[COP28] The final draft has been approved: Amid applause and criticism, fossil fuels in the text for the first time


At the 28th Conference of the Parties (COP28) to the United Nations Framework Convention on Climate Change in Dubai, United Arab Emirates, a draft agreement calling for a gradual transition from fossil fuels was approved after long negotiations.

The final text avoids the words ‘phase out’ and ‘phase down’, which have been the source of much debate among countries, and instead refers to the need for a ‘transition’ from fossil fuels.

Sultan Al-Jaber, President of COP28, said the agreement offers a “comprehensive response” to climate change and represents “a robust action plan to keep 1.5 degrees achievable.” “A balanced plan to address emissions is built on common ground and strengthened by full inclusivity,” Al Japer said, adding, “This is a historic package to accelerate climate action. This is the UAE consensus,” he said, adding that he was “proud” of the targets set.

COP28 President Al Jaber and UN Climate Change Secretary Simon Stiell congratulated each other with an embrace after the declaration of the draft.

What is in the text?

The Global Stocktake decision text, which has been amended many times, calls on countries to phase out the use of fossil fuels in their energy systems, as demanded by many participants, and recognizes that deep, rapid and sustained reductions are needed to limit temperature increases to 1.5C. However, it does not include an explicit commitment to phase out or phase down fossil fuels, as many countries, climate organizations and scientists have been calling for.

Instead, it calls for “a fair, orderly and equitable transition away from fossil fuels in energy systems and accelerated action in this critical decade to achieve net zero by 2050 in line with science.”

The agreement also calls for tripling global renewable energy capacity by 2030 and stepping up efforts to reduce coal power plants. It also calls for the development of a list of “zero and low emission technologies” such as “renewable energy, nuclear power, low-carbon hydrogen production, including mitigation and elimination technologies such as carbon capture, utilization and storage, especially in hard-to-reduce sectors and low-emission sectors.

Decisions from climate summits are non-binding and have no sanctions if countries fail to comply. For the small island states most vulnerable to the impacts of the climate crisis, the final text contains “a series of loopholes” that will prevent the world from reducing greenhouse gas emissions drastically enough to limit them. Even if all that is promised in the draft is realized, global warming is certain to rise by 1.5 degrees above pre-industrial levels, the island nations say. For them, this is a “death sentence” in their own words.
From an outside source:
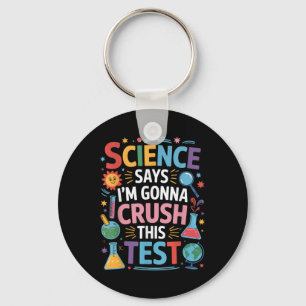 Porte-clés La Science Dit Que Je Vais Écraser Ce Test D'Ensei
Financing is still a big problem

Developing countries still need hundreds of billions of dollars in financing to help them move away from the devastation caused by fossil fuels.

Julie-Anne Richards of the Loss and Damage Collaboration said there had been some “improvement” on loss and damage and that this was mentioned in various parts of the text, such as the finance chapter: “Which is very important. But there were many opportunities to improve loss and damage that were missed overnight.”
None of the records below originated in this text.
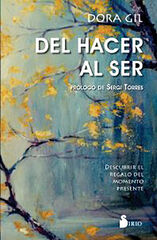 Del hacer al ser Del hacer al ser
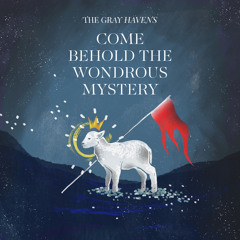 Come Behold The Wonderous Mystery
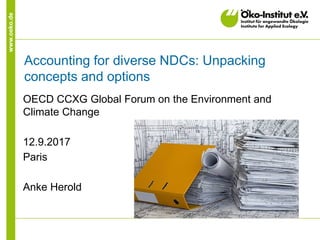 www.oeko.de
Accounting for diverse NDCs: Unpacking
concepts and options
OECD CCXG Global Forum on the Environment and
Climate Change
12.9.2017
Paris
Anke Herold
There are sections of the text that do not mention loss and damage, which should be integrated alongside mitigation and adaptation as the third pillar of climate action, as reflected in the Paris Agreement.

“This makes efforts to address loss and damage seem like an option rather than a critical component of climate action. More importantly, we are still missing a standalone agenda item on loss and damage. This leaves developing countries fighting at every summit to find space to discuss this issue.”
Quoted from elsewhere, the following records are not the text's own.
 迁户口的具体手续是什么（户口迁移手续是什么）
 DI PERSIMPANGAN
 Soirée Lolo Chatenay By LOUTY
The agreement has its shortcomings, but the articles discussed met with stubborn opposition from the world’s oil-producing countries throughout the summit. Saudi Arabia tried to remove all references to fossil fuels, then tried to add references to carbon capture and storage technology, which it claims to love but has never invested in. Russia also continued its opposition throughout the summit to prevent the final text of the agreement.

The EU and the western world are satisfied

The “first mention of fossil fuels” in the agreement was considered important by most negotiators.

EU climate chief Wopke Hoekstra thanked the president at the meeting for his leadership, vision and ‘tremendous determination’: “We have seen that it has been a tremendous privilege to work with all of you, to team up, to break down divisions and to unite. Because, dear friends, when we are all gone, our children will be there to deal with everything, good and bad, that we have left them. And with them in mind, this becomes a day of gratitude and a day of quiet resolve. Humanity has finally done what has long needed to be done. We have spent 30 years getting to the beginning of the end of fossil fuels.”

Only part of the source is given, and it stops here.